The emotions flew through her head. She hated him, right?
She never wanted to see him again, right?
She was pregnant because of him, right? Well, I enjoyed the sex... she admitted to herself and knew she hadn't taken any more responsibility for safe sex than he had.
He was a Neanderthal, right? I mean... he spanked me! He was a nutso cop, right?
"Do you hate me?" she finally asked. "Uh... for leaving without saying anything, I mean."
"Don't hate you, Louie," he said softly, his mouth itching to cover every inch of her. "Love you, love our baby, want you to come home, want to marry you."
"I can't marry you," she said stone-faced, determined to make him hate her and not understanding why she felt that way.
"Are you already married?" he asked, knowing she wasn't.
"Good. Than you can marry me and I'll give you and that baby of ours a last name and love both of you forever."
"This isn't once-upon-a-time and happily-ever-after, Tag. This is real life and real life means babies poop and spit up and expectant mothers get ugly when they're riled and have morning sickness and pee all the time and eat funny food."
"Sounds wonderful," Tag smiled and in front of a very interested but silent audience, kissed the mother of his child.
"You're not only a nutso cop," she said when she could breathe again. "You think you're Peter Pan. Real life isn't never-never-land, Tag."
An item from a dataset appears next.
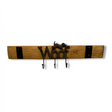 This charming wooden leash holder, crafted from whiskey barrel staves, features a whimsical "Woof" with a dog design and includes three metal hooks, perfect for home decor.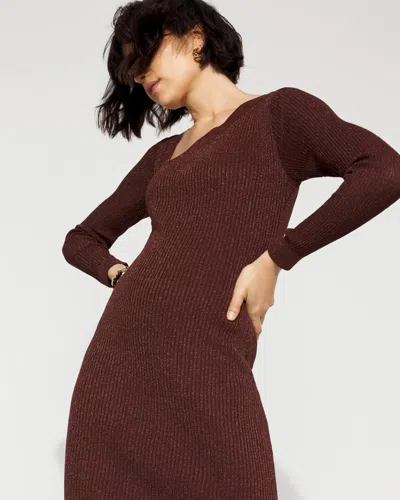 White House Black Market Petite Bodycon Sweater Midi Dress In Brown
"I've got a proposition for you, Louie," he said in his nutso cop voice. "Come home with me now... marry me... or I'll bare your pretty little bottom and spank you raw right here in front of God and company and within the hour, every living soul in Issaquah is going to know every detail of that spanking. Might even see your pretty red bottom in the paper tomorrow morning."
"You son of a bitch!"
"I knew you'd agree," he laughed and to loud applause, gently hauled her over his shoulder and walked out of the grange with a huge smile on his face and one hand patting her round bottom.